**The data:**
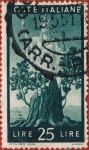 Stamps Italy -  COSTE ITALIANE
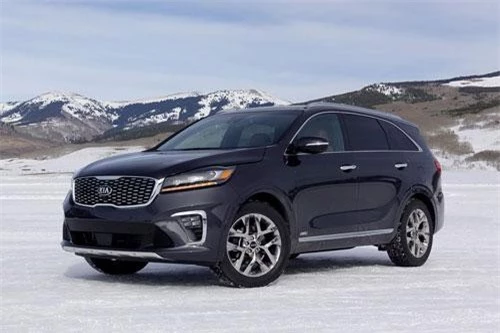 9. Kia Sorento 2019.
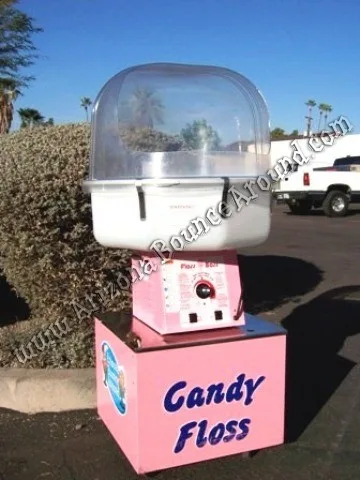 Cotton Candy machine rental Phoenix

**Problem to work on:**
Reproduce all lines above exactly. Leave the images out.

**Output below:**
 Stamps Italy -  COSTE ITALIANE
 9. Kia Sorento 2019.
 Cotton Candy machine rental Phoenix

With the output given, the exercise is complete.